Honestly, I'm surprised we don't see more programming languages like Objective-C, that have very clear distinctions between their "Data" type and "String" type, where encoded text is an NSData (a buffer of bytes) while decoded, valid text is an NSString, and all the methods on NSStrings operate on the grapheme clusters that decoded text is composed of, rather than on the bytes or codepoints or "characters" that are only relevant to encoded text.
Source: the same Wikipedia article you linked.
There is no space for expansion without reassigning private use areas or changing the encoding mechanism of surrogates--which is currently completely specified (each surrogate pair will produce a valid code point).
That's a property of the ISO-8859 encodings, it turns out to be pretty terrible as you have no way of distinguishing utter garbage/nonsense from actual text.
> I use B85 or B64 when needed but was wondering if there is a Unicode encoding that will do the job.
Base64 and 85 are pretty much the opposite of Unicode encodings. Encodings turn text (abstract unicode codepoints) into actual bytes you can store, Base64 and Base85 turn bytes into ASCII or ASCII-compatible text.

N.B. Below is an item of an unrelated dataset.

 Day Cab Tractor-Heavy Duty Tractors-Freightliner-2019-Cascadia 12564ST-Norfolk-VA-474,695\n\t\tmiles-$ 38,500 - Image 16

I know and that's the purpose I use it for: to smuggle in binary data as text, but no reason why an encoding scheme should not be dual purpose. Thanks for the tip about ISO-8859
You take the first six bits of your binary data and convert to some ascii char mapping. And then the the next 6 bits and so on.
You can't do that with unicode, and it wouldn't make sense for any other encoding standard.
They are completely different things.
Its a really silly, stupid situation I need this for, exchanging data with Python and I can only use Unicode strings.
Sure, kinda: https://github.com/pfrazee/base-emoji (it's a base256 using emoji), but then you still need to encode that text, which is going to require 4 bytes per symbol, so I'm not sure you're going to get any actual gain over B64/B85 in the end. There's also the option of using a subset of the U+0100~U+07FF range (though it contains a diacticial block which may not be ideal) as it encodes to 2 bytes in both UTF-8 and UTF-16 (though there are diacritics in these blocks, and some of the codepoints are reserved but not allocated so…).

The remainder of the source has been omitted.